Could someone explain the specific difference(s) in a multicopter’s behavior when setting MPC_YAW_MODE to 0: Towards Waypoint vs 3: Along Trajectory? They appear to result in similar behavior to me, but there must be something fundamentally different between these that I’m not seeing. I can’t seem to find a detailed explanation of the different modes for MPC_YAW_MODE.

  • Towards Waypoint means that the orientation of the vehicle depends on the current position of the drone and the next waypoint.

  • Along Trajectory means that the orientation is based on the velocity vector of the trajectory

Both give similar results but IMO, Along trajectory is nicer when having a larger waypoint acceptance radius (NAV_ACC_RAD) as the turn looks more coordinated.
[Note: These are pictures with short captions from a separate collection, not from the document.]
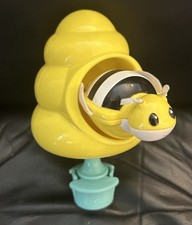 Evenflo Bumbly Bees Exersaucer Vibrating Bee Activity Toy Replacement Part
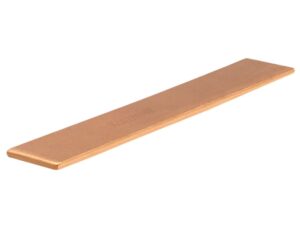 Bare Copper - COBCT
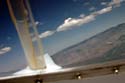 glider-11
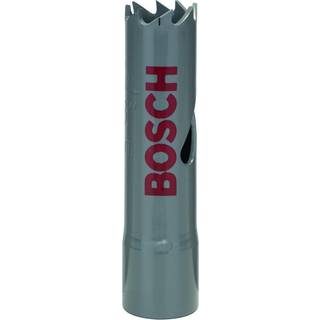 BOSCH Professional Hulsav 16mm (2608584100)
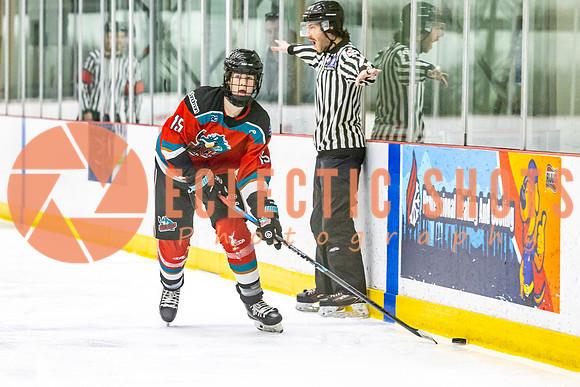 2023.11.11-OkotoksOilers-OkRockets-1144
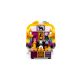 4. LEGO Sonstiges 40811 – Altar für die Toten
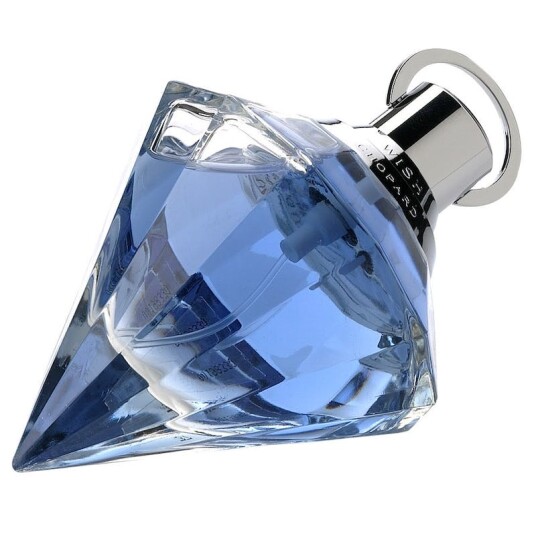 Chopard Wish Eau De Parfum 75 ml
Hi @bresch, thanks for this explanation. I agree Along Trajectory allows a nicer turn with a larger NAV_ACC_RAD, which is actually why I’ve been using Along Trajectory. However, I’m wondering if Along Trajectory can cause the aircraft to drift off course when doing a survey mission. I have been experiencing this lately and I’m trying to figure out why it’s happening. Is the velocity vector for Along Trajectory generated from the drone’s previous motion, or is it calculated looking forward into the future? If it’s based on previous motion I could see how Along Trajectory could allow drifting behavior to occur if, for instance, the drone was being pushed by a crosswind. Check out the screenshots of a couple of my flight logs. I have had this happen on about 8 flights over the past few weeks.


The heading is based on the velocity vector of the reference trajectory, it shouldn’t cause the behavior you’re showing in those screenshots.

To check how the reference trajectory is, you need to look at the trajectory_setpoint message; it contains the reference position, velocity, acceleration and jerk.

Thanks @bresch. Sounds like Along Trajectory isn’t causing this issue. I’ll have to do some more troubleshooting to figure out what’s causing the drifting behavior. Thanks.